May 192004

Blog Blacklists: A New View of Internet Vigilantes

I always thought that spam blacklists were well intentioned but problematic for the email ecosystem, since they are vigilantes in action and have no accountability and trackability. Periodically, I’ve even pondered whether or not they violate someone’s first amendment rights. It’s maddening to know you’re a good guy in the email world, you can get put on a blacklist because some anti-spam zealot decides he or she doesn’t like you on a whim, you can’t complain or get off of the list, you may not even know you’re on the list, then you’re downloaded thousands of times by naively trusting or equally zealous sysadmins, and boom — your emails aren’t getting through any more.

Then yesterday, I was looking at what’s probably the first blacklist for blog comment spam, dubbed by Brad Feld as BLAM. I immediately found myself using it myself to prevent my blog from getting overrun by the newest Internet evil. (Of course, I should be so lucky…my fledgling blog has all of one comment on it, but I’m sure there are scores of people ready to comment at a moment’s notice.)

So here we are at the dawn of a new era: the beginning of the blacklist for blam. I’m an early adopter of Jeff Nolan’s pioneering list and proud of it, which made me rethink my view of email blacklists for about five minutes. It didn’t ultimately change that view — email blacklists still have all the problems I mentioned above and have run amok — but it does make me hope that there’s a better long-term solution for stopping blam than the one the world of email has ended up with. Fred Wilson has some good thoughts on better tools for this as well.

Necessity, as always, is the mother of invention, but hopefully the blam blacklist situation won’t get out of control before someone tries to fix it, which may be too late. What I think we need now to solve the blacklist problem is a blacklist of blacklists, but that’s another story for another posting.

Filed under: Email, Weblogs

6 Comments on “Blog Blacklists: A New View of Internet Vigilantes”

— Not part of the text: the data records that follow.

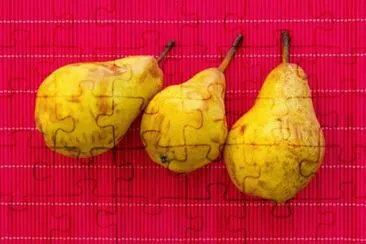 MARSU jigsaw puzzle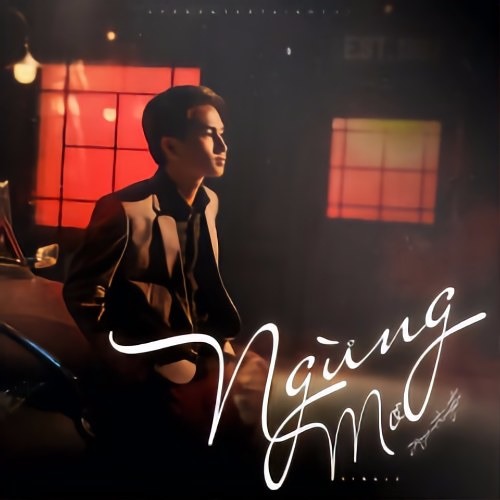 Ngừng Mơ - Nguyễn Trọng Tài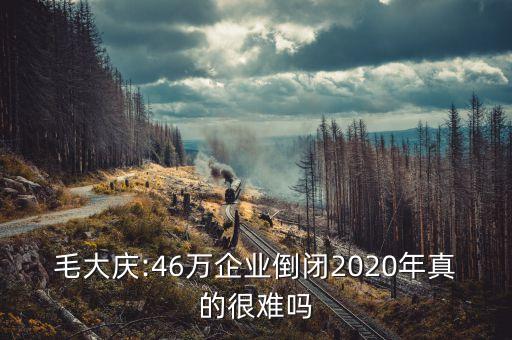 毛大慶:46萬企業(yè)倒閉2020年真的很難嗎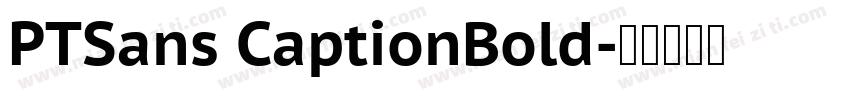 PTSans CaptionBold字体转换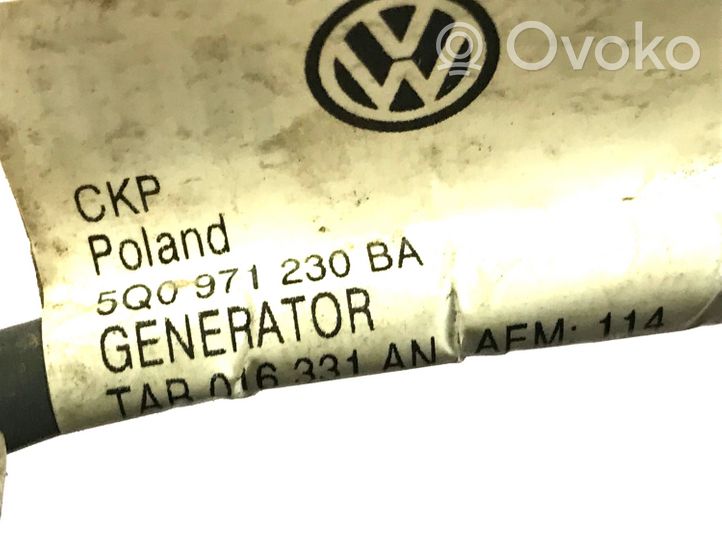 Skoda Octavia Mk3 (5E) Wiązka alternatora 5Q0971230BA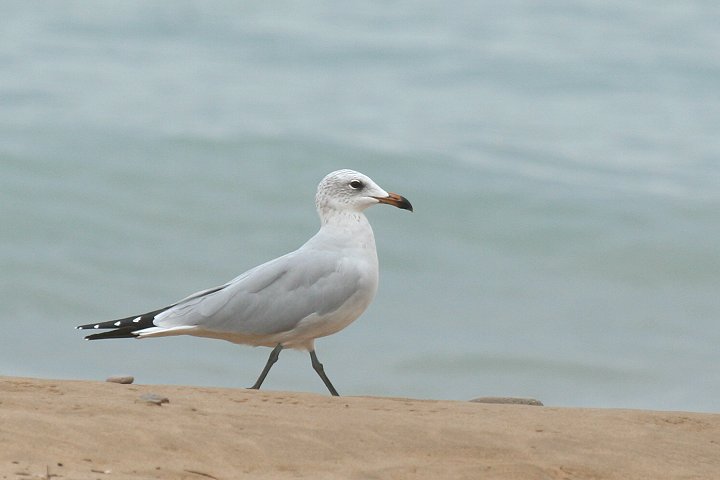 �A�J�n�V�J����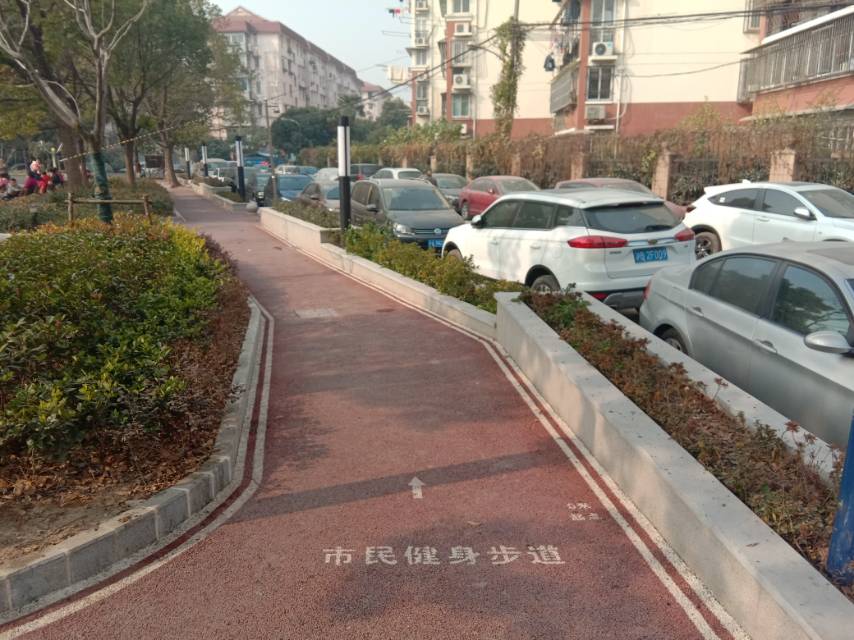 上钞银杏苑市民健身步道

  • Take the First Step May 20th, 2004 8:03 am

    Follow the Money

    Matt Blumberg is worried about BLAM. I think that if he follows the money, then he’ll see that most blam is an attempt to garner PageRank. Remove the motivation and you’ll minimize the bad behavior.

    I haven’t experienced a blam problem here at Tak…

  • Stuart Watson May 21st, 2004 11:23 pm

    I would check out Expression Engine by Pmachine. They offer the CAPTCHA (images with random number/letters) images for both the comment section as well as registering. It a very flexible, robust solution.

  • gáborblog July 8th, 2004 6:31 am

    hibaoldalak anyagokat fogják és helyen

  • Kristy A Coghlan September 19th, 2004 11:47 am

    I was also put on a blacklist as a spammer, they at: spamhaus shut down my server, not just mine but my teams and blocked my emails from getting thru. I only used optin with opt-out and also nobody had even noticed that this must have been a broken autoresponder for regenerating like it did. I in all honesty did not and will not ever spam. They do not talk nice to you, they told me to be on my way and never spam again, I keep saying to them, I never did spam! It makes me so sad that to think honest people have to go thru this, but that is ok, someone greater is on our side and I can and will still do all things thru Christ who strengthens me! I have a awesome and honest business, it is booming! I ask that God Bless every honest person that has had this lie take place about being a spammer, stand tall and let go and let God! He wil bring good out of this! I promise!

  • Nice October 22nd, 2006 5:19 pm

    Nice look

    Nice

  • Emma November 5th, 2006 7:54 pm

    Smile

    Weird enough for government work.